**RECORDED INFORMATION:**
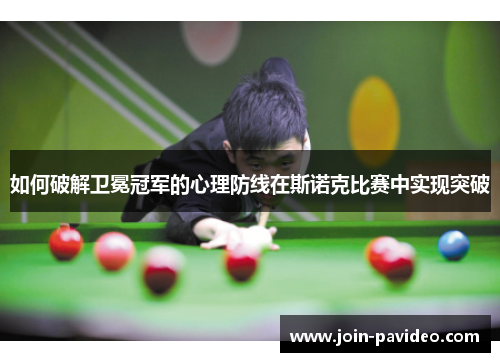 如何破解卫冕冠军的心理防线在斯诺克比赛中实现突破 如何破解卫冕冠军的心理防线在斯诺克比赛中实现突破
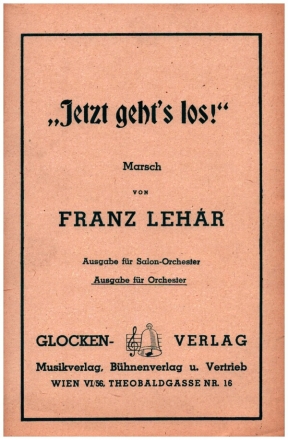 Jetzt geht's los fr Orchester Partitur und Stimmen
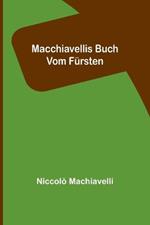 Macchiavellis Buch vom Fursten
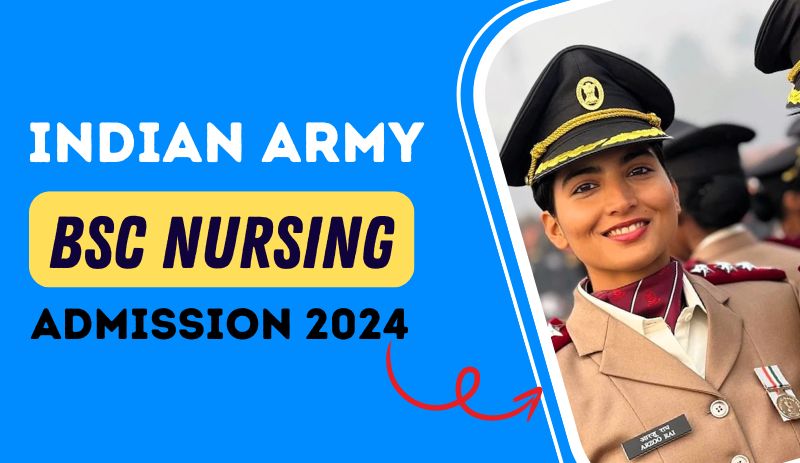 Indian Army B.Sc. Nursing Admission 2024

**WORK TO BE COMPLETED:**
Your answer must be an exact copy of the lines from the line with "Jetzt geht's los" to the final line of the data, both ends included, and no pictures.

**EXPECTED ANSWER:**
 Jetzt geht's los fr Orchester Partitur und Stimmen
 Macchiavellis Buch vom Fursten
 Indian Army B.Sc. Nursing Admission 2024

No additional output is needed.